I’m showing the above image for a reason. Obviously, this enormous flower wasn’t growing in the studio where I shot this image. This image is part of an 8 page editorial for Spring fashion. The fashion editor/art director wanted to incorporate huge photoshopped flowers into the image. So I had to keep that in mind when I was shooting by allowing white space behind the model to drop in the flower. I also hand chose the flower (I went down to the flower mart to research the kinds of flowers that were available and the colors I could work with). I spoke with the stylist and sent her pictures of the flowers I had found at the flower mart so she had some idea of colors and textures to compliment the clothing we were going to use. For this shot, I went with this long elegant light purple flower that wasn’t too withering or too transparent as it had to “compete” with such a strong evening gown but it also needed to hold up next to it. Since it was for the Spring issue, I had to go with more Spring colors as oppose to darker reds and darker purples. All of these elements had to be kept in mind in order to get the end results that I wanted ( and that the magazine and the client called for ).

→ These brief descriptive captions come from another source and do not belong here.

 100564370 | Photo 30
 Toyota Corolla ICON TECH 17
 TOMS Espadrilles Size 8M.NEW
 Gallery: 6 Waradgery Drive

Again, I can’t emphasize this
enough about retouching:
Using certain plug-ins in photoshop, such as skin softeners and filter blurs to reduce blemishes and facial problems, WILL DESTROY PIXELS! A lot of Photoshop blogs and tutorials will show you this short cut technique on the internet. Sure it’s fine for a 300×500 pixel image on a website, but if you are planning on printing your images , ie. magazines, your porfolio, or even larger formats, you do not want to use these techniques. Please learn the appropriate techniques, take a photoshop course for photography or look on lynda.com which has some very good video tutorials relating to photography and photoshop. But do watch out for graphic designer blogs pretending to be photoshop experts showing you how to retouch images. Or find an appropriate and competent Photographic Retouch Artist that can accomplish the job for you. Sometimes you can find young students who are looking to build images for their portfolios as well.

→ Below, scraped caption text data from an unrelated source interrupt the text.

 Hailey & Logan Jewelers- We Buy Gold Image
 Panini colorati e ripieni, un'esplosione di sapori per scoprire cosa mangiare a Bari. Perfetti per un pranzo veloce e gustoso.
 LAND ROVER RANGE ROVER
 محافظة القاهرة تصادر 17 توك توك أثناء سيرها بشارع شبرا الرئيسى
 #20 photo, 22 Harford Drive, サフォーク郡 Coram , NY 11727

Also, another very important tip for retouching is color correction. You need to make sure your monitor is calibrated correctly. Look into buying a Pantone Huey, (imporant for photographers even if they don’t want to retouch). Another step is making sure your global settings and color profiles are correct in photoshop (look up “color profiles” on google). These are 3 steps to ensure your workflow and the images you produce are presented at the best quality possible. Stay tuned because there will be many more references and resources that I will go much more in depth with in future blogs and videos.
One final thing that I will leave you with is that I insist that most “flaws” that would otherwise be categorized as “fix it in photoshop” should be avoided as much as possible. I’m talking about less than flawless skin and clothing wrinkles, etc. These two elements alone can save you hours of time in post by hiring models with really great skin and working with stylists who steam and iron the clothes before they are shot and keeping an eye on the garments while they are being shot!